* _What you should do_:
Copy exactly. Begin with the line that contains "Audi A3 Sportback" and stop after the last line of the records.

Data records:
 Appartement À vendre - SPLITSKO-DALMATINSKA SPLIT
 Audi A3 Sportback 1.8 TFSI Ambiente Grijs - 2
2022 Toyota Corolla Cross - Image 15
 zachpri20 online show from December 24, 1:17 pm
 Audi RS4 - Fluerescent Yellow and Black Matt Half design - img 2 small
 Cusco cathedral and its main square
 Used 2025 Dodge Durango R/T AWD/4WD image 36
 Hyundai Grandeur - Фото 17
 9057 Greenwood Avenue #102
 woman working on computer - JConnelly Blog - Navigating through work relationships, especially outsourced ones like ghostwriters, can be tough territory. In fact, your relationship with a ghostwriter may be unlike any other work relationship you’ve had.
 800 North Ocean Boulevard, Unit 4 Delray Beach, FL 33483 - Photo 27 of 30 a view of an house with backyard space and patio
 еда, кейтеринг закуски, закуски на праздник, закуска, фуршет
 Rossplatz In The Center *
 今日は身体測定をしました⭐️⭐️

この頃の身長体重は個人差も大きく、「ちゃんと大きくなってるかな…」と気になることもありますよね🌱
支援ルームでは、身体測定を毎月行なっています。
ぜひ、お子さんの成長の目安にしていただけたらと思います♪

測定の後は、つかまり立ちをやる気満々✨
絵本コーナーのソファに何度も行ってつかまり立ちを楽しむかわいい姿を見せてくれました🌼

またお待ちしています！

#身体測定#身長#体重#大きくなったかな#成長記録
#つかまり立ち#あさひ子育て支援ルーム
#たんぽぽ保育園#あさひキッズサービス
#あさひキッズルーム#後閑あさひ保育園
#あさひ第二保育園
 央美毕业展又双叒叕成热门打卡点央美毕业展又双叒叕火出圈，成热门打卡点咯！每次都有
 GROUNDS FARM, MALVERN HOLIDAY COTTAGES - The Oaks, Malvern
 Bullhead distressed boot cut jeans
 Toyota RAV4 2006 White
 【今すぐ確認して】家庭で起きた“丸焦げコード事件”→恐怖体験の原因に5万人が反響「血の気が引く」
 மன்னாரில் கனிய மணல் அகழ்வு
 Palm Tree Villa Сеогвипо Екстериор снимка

* _Task output_:
 Audi A3 Sportback 1.8 TFSI Ambiente Grijs - 2
2022 Toyota Corolla Cross - Image 15
 zachpri20 online show from December 24, 1:17 pm
 Audi RS4 - Fluerescent Yellow and Black Matt Half design - img 2 small
 Cusco cathedral and its main square
 Used 2025 Dodge Durango R/T AWD/4WD image 36
 Hyundai Grandeur - Фото 17
 9057 Greenwood Avenue #102
 woman working on computer - JConnelly Blog - Navigating through work relationships, especially outsourced ones like ghostwriters, can be tough territory. In fact, your relationship with a ghostwriter may be unlike any other work relationship you’ve had.
 800 North Ocean Boulevard, Unit 4 Delray Beach, FL 33483 - Photo 27 of 30 a view of an house with backyard space and patio
 еда, кейтеринг закуски, закуски на праздник, закуска, фуршет
 Rossplatz In The Center *
 今日は身体測定をしました⭐️⭐️

この頃の身長体重は個人差も大きく、「ちゃんと大きくなってるかな…」と気になることもありますよね🌱
支援ルームでは、身体測定を毎月行なっています。
ぜひ、お子さんの成長の目安にしていただけたらと思います♪

測定の後は、つかまり立ちをやる気満々✨
絵本コーナーのソファに何度も行ってつかまり立ちを楽しむかわいい姿を見せてくれました🌼

またお待ちしています！

#身体測定#身長#体重#大きくなったかな#成長記録
#つかまり立ち#あさひ子育て支援ルーム
#たんぽぽ保育園#あさひキッズサービス
#あさひキッズルーム#後閑あさひ保育園
#あさひ第二保育園
 央美毕业展又双叒叕成热门打卡点央美毕业展又双叒叕火出圈，成热门打卡点咯！每次都有
 GROUNDS FARM, MALVERN HOLIDAY COTTAGES - The Oaks, Malvern
 Bullhead distressed boot cut jeans
 Toyota RAV4 2006 White
 【今すぐ確認して】家庭で起きた“丸焦げコード事件”→恐怖体験の原因に5万人が反響「血の気が引く」
 மன்னாரில் கனிய மணல் அகழ்வு
 Palm Tree Villa Сеогвипо Екстериор снимка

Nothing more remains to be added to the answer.